Listed entries Start Marker
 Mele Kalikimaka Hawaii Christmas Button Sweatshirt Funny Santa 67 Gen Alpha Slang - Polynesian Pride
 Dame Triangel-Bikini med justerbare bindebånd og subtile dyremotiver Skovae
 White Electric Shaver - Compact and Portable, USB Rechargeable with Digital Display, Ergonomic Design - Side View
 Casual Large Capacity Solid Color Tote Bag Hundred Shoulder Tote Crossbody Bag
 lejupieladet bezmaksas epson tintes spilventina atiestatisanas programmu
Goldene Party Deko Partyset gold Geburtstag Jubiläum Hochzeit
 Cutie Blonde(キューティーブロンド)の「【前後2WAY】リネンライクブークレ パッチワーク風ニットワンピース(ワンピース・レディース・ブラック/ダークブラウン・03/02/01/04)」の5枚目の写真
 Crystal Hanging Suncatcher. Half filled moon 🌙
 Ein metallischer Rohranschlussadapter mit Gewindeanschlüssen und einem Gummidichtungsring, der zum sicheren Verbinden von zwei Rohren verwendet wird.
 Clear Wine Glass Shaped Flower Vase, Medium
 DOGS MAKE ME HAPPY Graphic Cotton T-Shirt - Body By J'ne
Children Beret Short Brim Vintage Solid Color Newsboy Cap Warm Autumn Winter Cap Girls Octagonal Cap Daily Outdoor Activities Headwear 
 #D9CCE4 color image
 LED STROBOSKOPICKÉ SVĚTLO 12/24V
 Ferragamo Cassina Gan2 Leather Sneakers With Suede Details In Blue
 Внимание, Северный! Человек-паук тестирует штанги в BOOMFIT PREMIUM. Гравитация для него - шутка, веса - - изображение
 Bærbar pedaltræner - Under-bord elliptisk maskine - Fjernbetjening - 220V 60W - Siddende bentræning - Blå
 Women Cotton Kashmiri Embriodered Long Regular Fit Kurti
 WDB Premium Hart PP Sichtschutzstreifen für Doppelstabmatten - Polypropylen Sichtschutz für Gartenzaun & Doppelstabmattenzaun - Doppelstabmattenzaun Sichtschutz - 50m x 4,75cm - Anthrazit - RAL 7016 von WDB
Listed entries End Marker
Directions for this task
Copy the lines above exactly, from the very first through the one containing "Crystal Hanging Suncatcher.", and include no other line.

Final answer
 Mele Kalikimaka Hawaii Christmas Button Sweatshirt Funny Santa 67 Gen Alpha Slang - Polynesian Pride
 Dame Triangel-Bikini med justerbare bindebånd og subtile dyremotiver Skovae
 White Electric Shaver - Compact and Portable, USB Rechargeable with Digital Display, Ergonomic Design - Side View
 Casual Large Capacity Solid Color Tote Bag Hundred Shoulder Tote Crossbody Bag
 lejupieladet bezmaksas epson tintes spilventina atiestatisanas programmu
Goldene Party Deko Partyset gold Geburtstag Jubiläum Hochzeit
 Cutie Blonde(キューティーブロンド)の「【前後2WAY】リネンライクブークレ パッチワーク風ニットワンピース(ワンピース・レディース・ブラック/ダークブラウン・03/02/01/04)」の5枚目の写真
 Crystal Hanging Suncatcher. Half filled moon 🌙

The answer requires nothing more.